Your goal: Find the line with "309 N Pinckney St — Photo 3" in the entries below, then reproduce it and every line after it down to and including the line with "AUDI Q5 50 TFSI", exactly.

Raw data:
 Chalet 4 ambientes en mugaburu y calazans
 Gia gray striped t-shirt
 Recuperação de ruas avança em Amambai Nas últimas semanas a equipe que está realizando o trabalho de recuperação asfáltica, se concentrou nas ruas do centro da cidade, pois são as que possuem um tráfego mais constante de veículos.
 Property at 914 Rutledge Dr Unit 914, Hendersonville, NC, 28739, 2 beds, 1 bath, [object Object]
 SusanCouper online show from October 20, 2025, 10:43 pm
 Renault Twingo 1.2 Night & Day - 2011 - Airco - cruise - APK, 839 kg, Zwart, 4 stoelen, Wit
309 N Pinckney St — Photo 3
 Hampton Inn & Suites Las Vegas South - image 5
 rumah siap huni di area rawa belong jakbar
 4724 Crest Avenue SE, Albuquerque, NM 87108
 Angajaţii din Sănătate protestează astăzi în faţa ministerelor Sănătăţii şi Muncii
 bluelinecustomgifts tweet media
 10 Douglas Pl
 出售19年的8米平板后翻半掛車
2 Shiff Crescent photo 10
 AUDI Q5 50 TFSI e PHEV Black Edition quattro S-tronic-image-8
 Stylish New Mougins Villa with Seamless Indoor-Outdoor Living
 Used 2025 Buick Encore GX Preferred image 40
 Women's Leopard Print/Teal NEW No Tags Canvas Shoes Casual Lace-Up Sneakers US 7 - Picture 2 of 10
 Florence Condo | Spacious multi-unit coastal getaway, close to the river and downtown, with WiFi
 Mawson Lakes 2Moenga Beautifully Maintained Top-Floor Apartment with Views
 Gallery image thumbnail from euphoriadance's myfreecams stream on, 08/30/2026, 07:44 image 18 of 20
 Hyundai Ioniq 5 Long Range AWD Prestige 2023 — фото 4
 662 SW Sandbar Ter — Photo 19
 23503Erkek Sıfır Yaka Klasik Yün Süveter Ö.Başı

Solution to this problem:
309 N Pinckney St — Photo 3
 Hampton Inn & Suites Las Vegas South - image 5
 rumah siap huni di area rawa belong jakbar
 4724 Crest Avenue SE, Albuquerque, NM 87108
 Angajaţii din Sănătate protestează astăzi în faţa ministerelor Sănătăţii şi Muncii
 bluelinecustomgifts tweet media
 10 Douglas Pl
 出售19年的8米平板后翻半掛車
2 Shiff Crescent photo 10
 AUDI Q5 50 TFSI e PHEV Black Edition quattro S-tronic-image-8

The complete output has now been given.